*What the exercise asks*.
Would you write out the listing verbatim and skip every picture in it?

Information provided: Begin

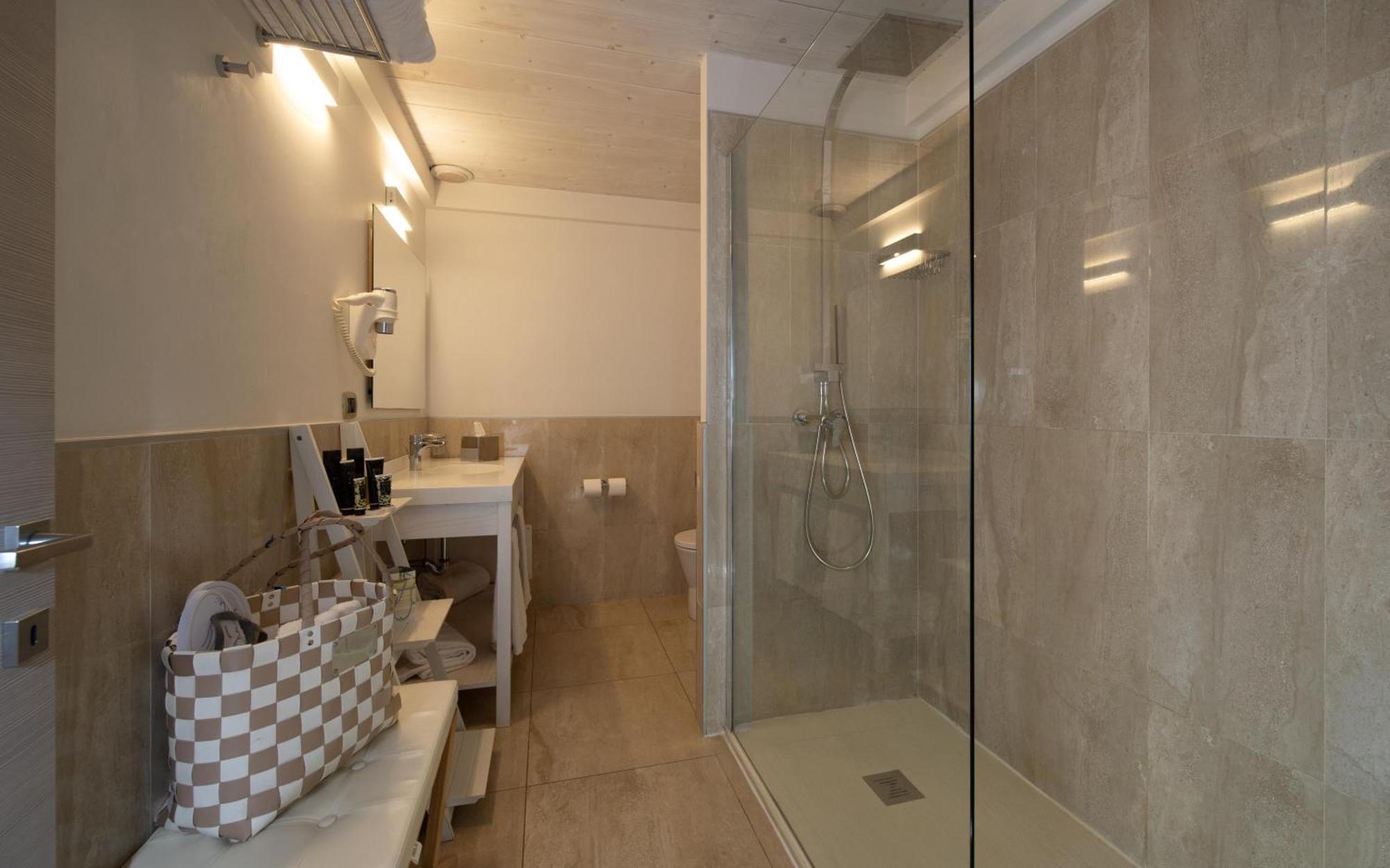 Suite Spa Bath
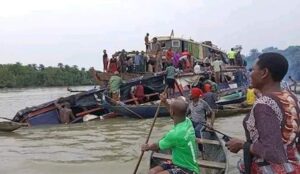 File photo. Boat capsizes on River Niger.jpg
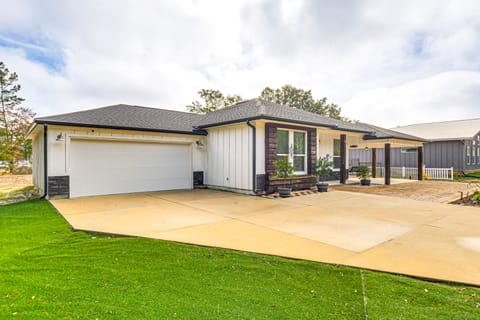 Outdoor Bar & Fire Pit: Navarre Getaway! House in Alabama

Information provided: End

*Solution to this exercise*.
 Suite Spa Bath
 File photo. Boat capsizes on River Niger.jpg
 Outdoor Bar & Fire Pit: Navarre Getaway! House in Alabama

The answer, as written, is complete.